While the president’s in-person campaigning vastly dwarfs Biden’s efforts, the former vice president retains a large advantage over Trump in another crucial campaign metric: the ad wars.
This week Biden kept up his dominance over Trump, outspending him $45.8 million to $17.8 million to run TV commercials, according to Advertising Analytics, one of the leading ad-tracking firms.
The Biden campaign’s biggest single purchase was the Phoenix, Ariz., TV market, where it shelled out $3.5 million to run spots. The Trump campaign’s top market was Tampa, Fla., where it spent $1.4 million this week to run commercials.

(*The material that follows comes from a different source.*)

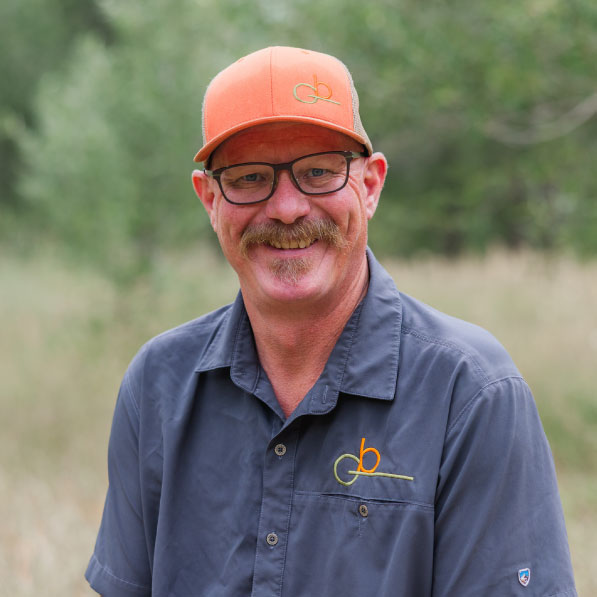 GB-design-steamboat-springs-colorado-about-partners-BLarson A smiling man with glasses, a mustache, and an orange cap, wearing a gray shirt with a yellow embroidered team logo, stands outdoors in a natural, green setting.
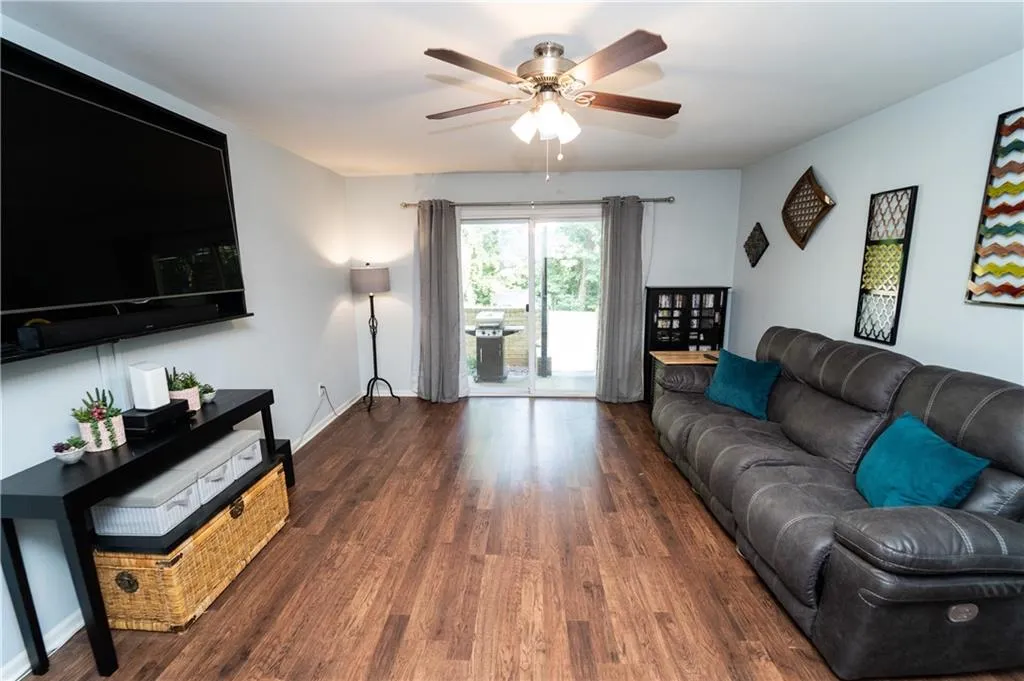 Living area featuring ceiling fan and wood finished floors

Biden also had the upper hand this week when it comes to running ads online, which until now had been much more competitive between the two campaigns. According to Advertising Analytics, the former vice president’s campaign spent $12.3 million to run digital spots on Facebook and Google. The president’s campaign spent $6.9 million on digital this week.
The Biden campaign’s dominance is a dramatic shift from the spring when the Trump team was outspending the former vice president’s camp to run ads. But coupled with a dramatic surge in Biden’s fundraising in the late spring and into the summer, as well as a cutback in Trump's ad spending in August following a change of campaign leadership, Biden’s been outpacing Trump to run TV spots since the beginning of last month.

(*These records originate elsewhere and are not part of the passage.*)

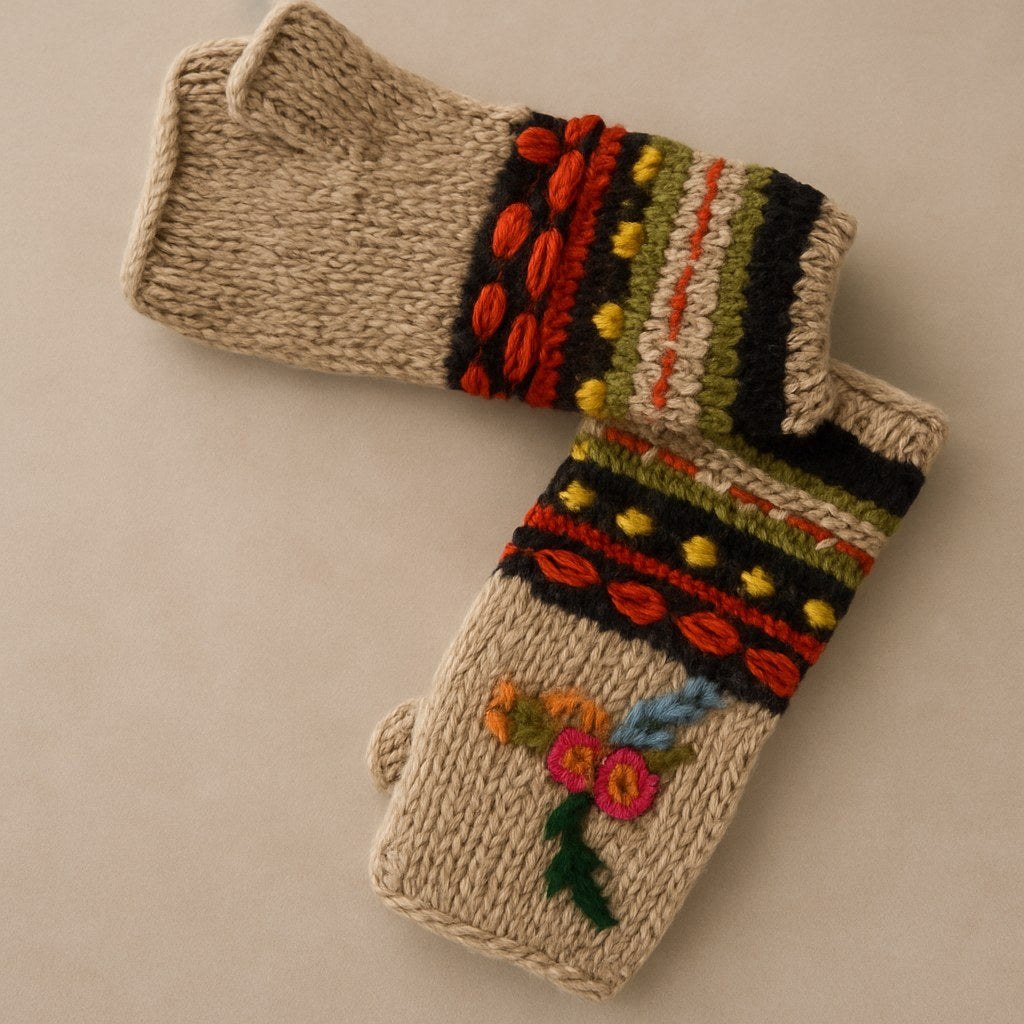 Hand-knitted winter mittens in a warm beige wool, featuring colorful striped and patterned cuffs with red, orange, green, yellow, and black yarn, and embroidered flowers on the front.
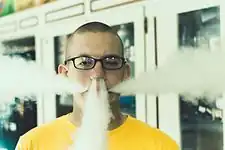 Vaping trick known as the dragon.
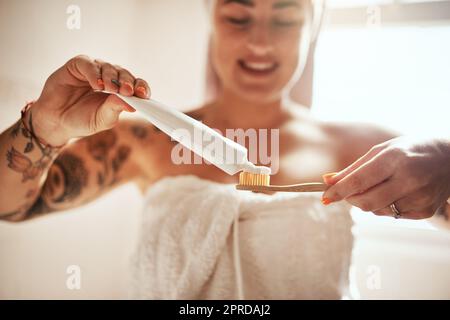 Die richtige Zahnpasta macht den Unterschied. Eine junge Frau putzt sich zu Hause im Badezimmer die Zähne. Stockfoto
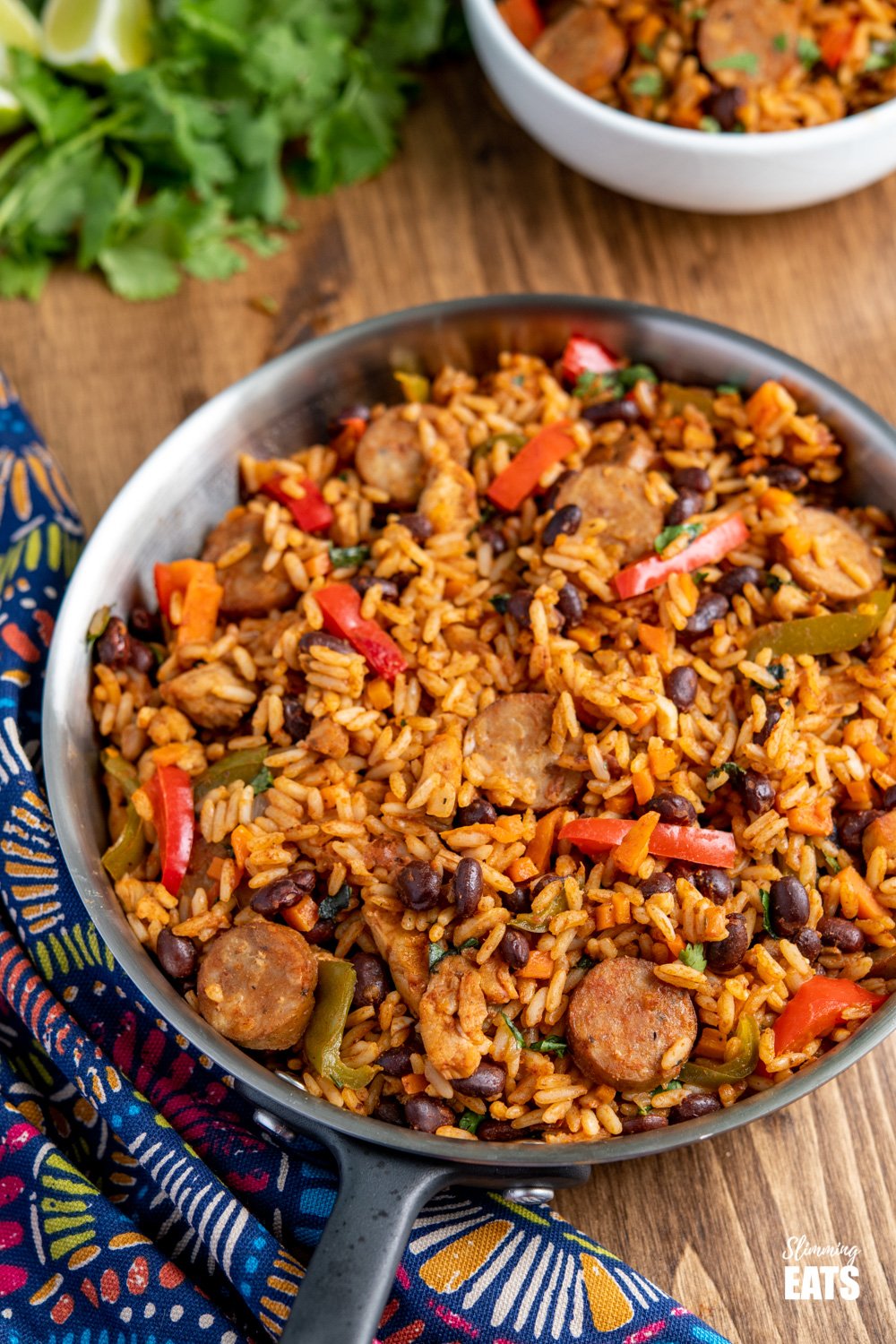 One Pot Cuban Style Rice (with Chicken and Sausage) - this delicious one-pot recipe with spicy seasonings, fresh vegetables and black beans is a perfect meal for any night of the week. Gluten Free, Dairy Free, Slimming Eats and Weight Watchers friendly One Pot Cuban Style Rice in frying pan with white filled bowl in background and cilantro and lime slices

Advertising Analytics vice president John Link told Fox News that earlier this year, his firm was projecting $6.8 billion this year in total ad spending in all races.
“Those projections are proving to be light, very much enhanced on the increase in Biden’s spending,” Link highlighted.
The firm’s now projecting $7.2 to $7.4 billion in total ad spending this year “and a huge driver on that is the amount of funds Biden clearly has available to spend.”
The Trump campaign – and the president himself – have pushed back in recent weeks against media reports of Biden’s dominance in ad spending.
“We are advertising all over the place, but as much as we do, the Fake News likes to say we aren’t. Just being smart,” Trump tweeted last week.